Lo stadio del Como (Foto: dal web)
Qualora il Como dovesse riuscire clamorosamente a conquistare l’Europa al termine del campionato di Serie A, forse addirittura la Champions League, la squadra lariana non è assolutamente intenzionata ad abbandonare lo stadio Sinigaglia, storica casa della stessa. Come vi scrivevamo ieri su IlSussidiario.net c’è però da fare i conti con il regolamento Uefa per gli stadi, che soprattutto per la partecipazione alla coppa dalle grandi orecchie, prevede delle particolari regolamentazioni che comporterebbero dei lavori di ristrutturazione.

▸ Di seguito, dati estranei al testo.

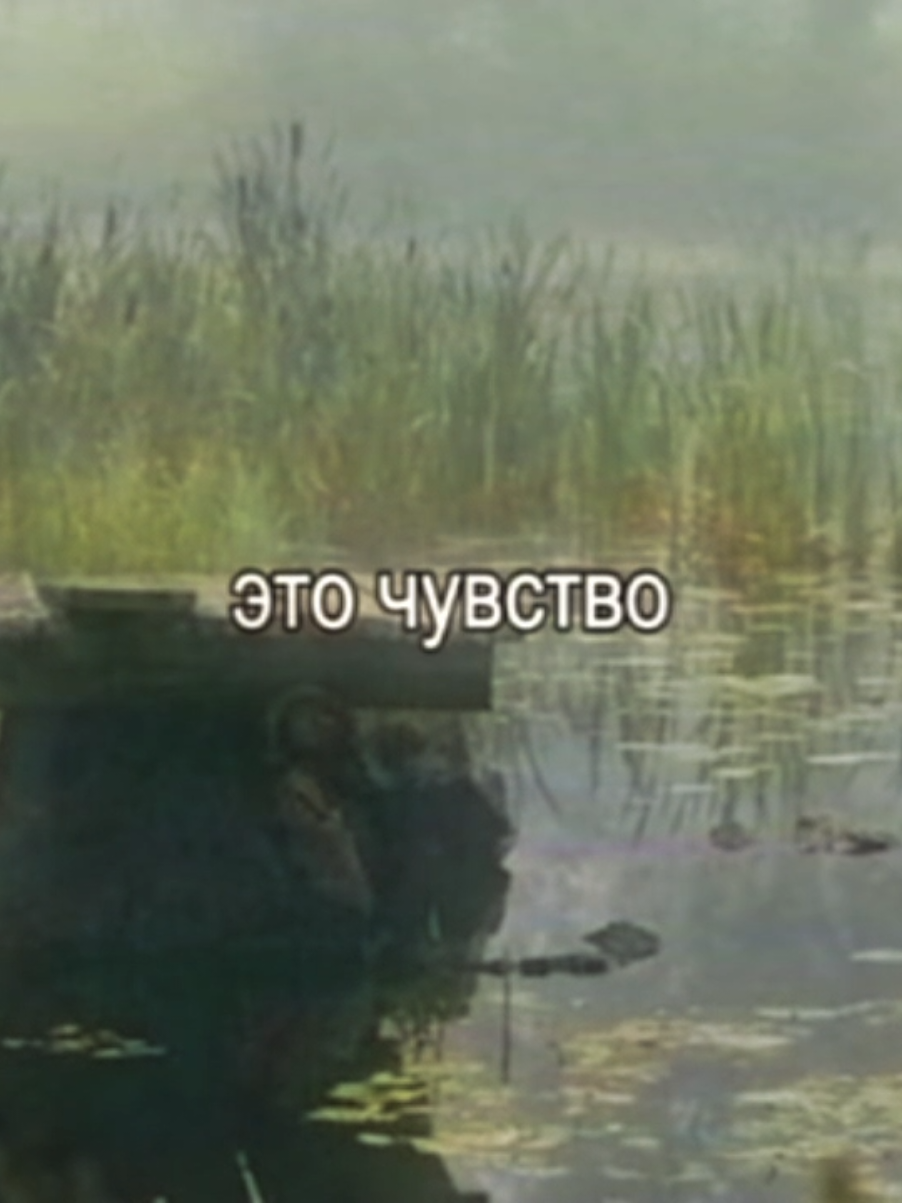 @лизок⁵⁰⁵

Ricordiamo che il Como aveva già chiesto una deroga alla Serie A l’anno scorso per poter iscriversi al campionato in corso, poi mettendosi completamente in regola, ma ora bisognerà capire se l’Uefa sarà allo stesso modo clemente. Quale soluzione quindi? Qualora non dovesse ricevere “l’agibilità” i lariani potrebbero giocare le partite di coppa al Mapei Stadium di Reggio Emilia o al Bluenergi di Udine, ma l’obiettivo della dirigenza comasca è quella di realizzare in tempi record tutti i lavori necessari, di modo da regalare alla splendida città che si affaccia sul Lago le notti europee che si merita.
Il Comune avrebbe già dato l’ok per i lavori che prevedono un aumento del parcheggio, un ampliamento della sala stampa e dei posti vip, e una ristrutturazione dei bagni e del deflusso per gli spogliatoi. Infine, previsti lavori di ristrutturazione su una delle due curve.